One of the earliest signals is whether the AI system can be observed end to end in the same way as any other production workload. Sustainable AI use cases expose clear telemetry across the full life cycle – from data ingestion and model inference to downstream business impact. If teams can’t reliably trace inputs, decisions and outputs, the system usually does not scale.
Cost behavior is another strong indicator. Successful deployments show predictable cost patterns per transaction, user or business outcome. When teams can attribute large language model usage, token consumption and infrastructure costs to a specific application or workflow, they gain confidence to scale. If costs spike unpredictably or can’t be tied back to value, adoption stalls.
Operationally, resilient AI systems degrade gracefully. They have clear fallback mechanisms, latency budgets and error handling strategies when models fail, drift or return uncertain results. Finally, sustainable use cases integrate tightly into existing workflows, and security teams can support them without creating entirely new operational silos. When AI becomes “just another production service,” that’s usually a sign it will scale.
Observability has traditionally spoken the language of latency, errors and throughput. How are product teams redefining observability so it meaningfully connects system signals to business metrics like revenue impact or customer trust?
Observability is expanding from system health to business health. Product teams increasingly correlate technical signals, such as latency spikes, failed transactions or degraded model responses, with real business outcomes like dropped conversions, abandoned checkouts or increased support calls.
This shift requires connecting telemetry across layers. For example, a slow API call is no longer just a performance issue; it is tied to a delayed payment, a failed loan approval or a poor customer interaction. By enriching traces and logs with business context, teams can quantify the revenue or customer experience impact of technical incidents in near real time.
Trust is also becoming a measurable dimension. In AI-driven systems, observability helps teams understand not just whether a system is fast or available, but whether it behaves consistently and responsibly. Tracking anomalies in model behavior, response quality or decision patterns over time allows organizations to detect erosion of trust before customers feel it. Observability becomes the connective tissue between engineering metrics and executive decision-making.
Industries like banking, aviation and manufacturing are modernizing fast, but they carry decades of legacy systems. What architectural patterns are you seeing that successfully bridge legacy environments with cloud-native observability?
The most successful organizations avoid “rip and replace” strategies. Instead, they adopt incremental architectures that wrap legacy systems with modern observability layers. Common patterns include using lightweight agents, log forwarders and API gateways to expose telemetry from mainframes, on-premises databases and proprietary systems into a unified observability platform.

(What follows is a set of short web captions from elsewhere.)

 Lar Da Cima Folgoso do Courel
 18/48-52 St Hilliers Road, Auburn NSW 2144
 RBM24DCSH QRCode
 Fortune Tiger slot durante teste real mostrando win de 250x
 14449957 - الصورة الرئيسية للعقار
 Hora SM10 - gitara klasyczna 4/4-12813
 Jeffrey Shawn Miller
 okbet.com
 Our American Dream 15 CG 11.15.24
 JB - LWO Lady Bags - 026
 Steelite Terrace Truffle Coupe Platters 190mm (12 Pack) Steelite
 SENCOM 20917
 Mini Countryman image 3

Event-driven architectures also play a key role. By introducing message queues or streaming platforms, organizations decouple legacy systems from cloud-native services while still gaining visibility into end-to-end workflows. This allows teams to trace a transaction as it moves from a decades-old core system into modern microservices and AI-driven layers.

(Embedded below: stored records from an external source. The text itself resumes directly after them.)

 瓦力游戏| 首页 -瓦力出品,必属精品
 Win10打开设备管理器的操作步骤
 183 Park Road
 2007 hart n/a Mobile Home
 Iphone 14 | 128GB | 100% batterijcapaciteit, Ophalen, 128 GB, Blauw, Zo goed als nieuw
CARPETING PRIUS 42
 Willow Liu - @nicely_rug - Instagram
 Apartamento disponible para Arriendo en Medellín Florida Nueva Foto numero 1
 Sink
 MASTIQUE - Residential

Critically, successful teams standardize how telemetry is collected and tagged, across old and new systems alike. That consistency enables a single operational view, which is essential in regulated industries where availability, auditability and compliance are non-negotiable.
As AI systems become more agent-driven and autonomous, what new failure modes worry you the most from an observability standpoint?
Autonomous agents introduce failure modes that are less linear and harder to predict. One major concern is cascading failure, where a small error in one agent propagates rapidly across other agents, tools or services, amplifying impact before humans can intervene.
Another risk is silent failure. An agent may continue operating within technical thresholds, low latency and no obvious errors, while making subtly incorrect or harmful decisions. Without visibility into reasoning paths, tool usage and decision context, these failures can go undetected for long periods.
Cost-related failure modes are also emerging. Autonomous agents can generate runaway usage, calling APIs, tools or models far more often than intended. Without granular observability into behavior and cost per action, organizations may only notice the problem when budgets are exceeded. Observability must evolve to explain not just what failed, but why an agent behaved the way it did.
Security is increasingly embedded across development, site reliability engineering and platform teams rather than owned by a single function. How can unified observability and security avoid becoming “everyone’s responsibility but no one’s priority?”
The key is convergence around shared signals and shared outcomes. When security data lives separately from performance and reliability data, it’s easy for teams to deprioritize it. Unified observability and security platforms bring these signals together, so a vulnerability, misconfiguration or suspicious behavior appears in the same workflows teams already use to manage incidents.
From a product standpoint, security insights must be actionable in context. Instead of abstract risk scores, teams need to see how a security issue affects a specific service, workload or AI workflow, and what the operational impact might be. This naturally aligns security with uptime, performance and business continuity.
Ownership also becomes clearer when accountability maps to services rather than functions. When teams can see security, reliability and cost signals tied directly to what they own in production, prioritization follows. Unified observability doesn’t dilute responsibility; it makes it explicit, measurable and operationally relevant.